======== Source material ========

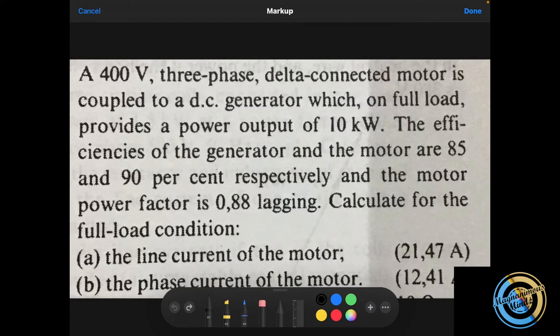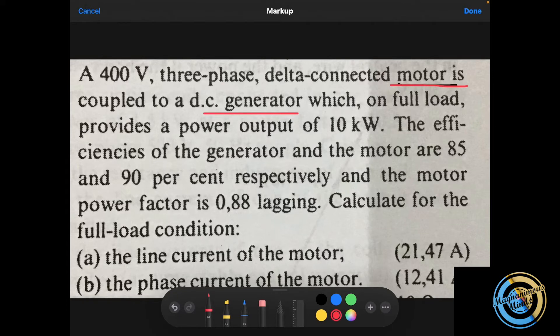The first thing to note here is that the motor is coupled to a DC generator, which means this motor is actually running the generator — not the other way around. The generator is not running the motor; the motor is running the generator. The power output of 10 kilowatts is for the generator.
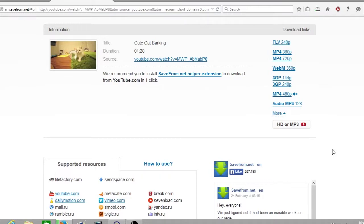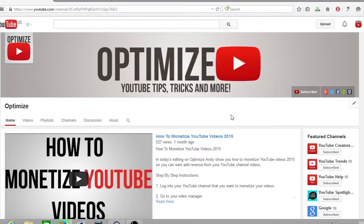So just to recap: if you find a video that you want to use, go to your browser bar, go after the 'www dot' — just after the dot — type in two S's and click Enter. It will then bring up the website SaveFrom.net and you will be able to download that video from that source.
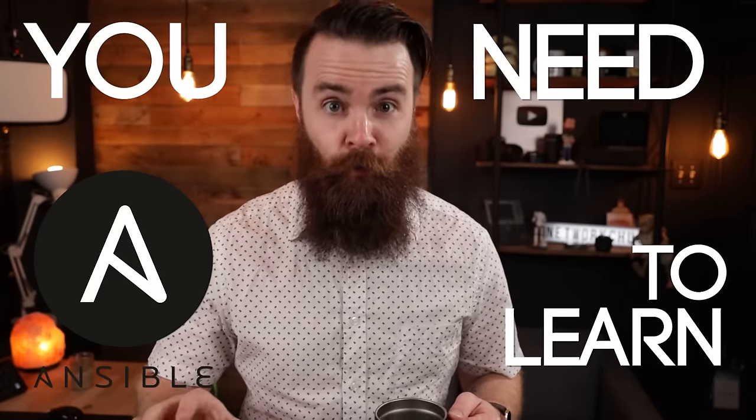You need to learn Ansible right now, but hold up. Why? What is it? Why is it so important? I have some good reasons. Here's why.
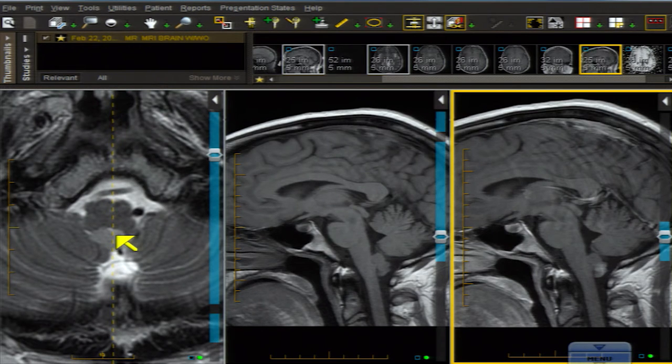So if you have an intraventricular lesion that isn't in one of those two ventricles, you should start thinking about another diagnosis.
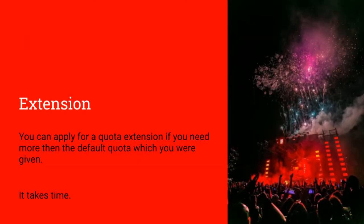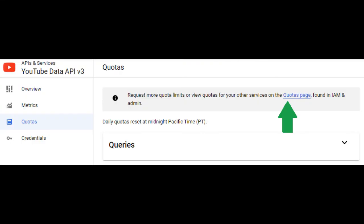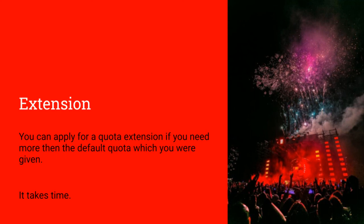Now here is my bonus tip when working with the YouTube API and the quota costs. You can apply for a quota extension. In the Google Developer Console, in the section where your quota is listed, you can apply to extend your quota. This means that Google will give you an increase in the default 10,000 point allotment. I am going to tell you that this can take time to get approved, as in months. So start early.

========

- [What the task asks]
What is needed is an exact transcription of the lines from the one containing "So just to recap: if" through the last line of the records above, both included, with no pictures.

- [Result of this exercise]
So just to recap: if you find a video that you want to use, go to your browser bar, go after the 'www dot' — just after the dot — type in two S's and click Enter. It will then bring up the website SaveFrom.net and you will be able to download that video from that source.
You need to learn Ansible right now, but hold up. Why? What is it? Why is it so important? I have some good reasons. Here's why.
So if you have an intraventricular lesion that isn't in one of those two ventricles, you should start thinking about another diagnosis.
Now here is my bonus tip when working with the YouTube API and the quota costs. You can apply for a quota extension. In the Google Developer Console, in the section where your quota is listed, you can apply to extend your quota. This means that Google will give you an increase in the default 10,000 point allotment. I am going to tell you that this can take time to get approved, as in months. So start early.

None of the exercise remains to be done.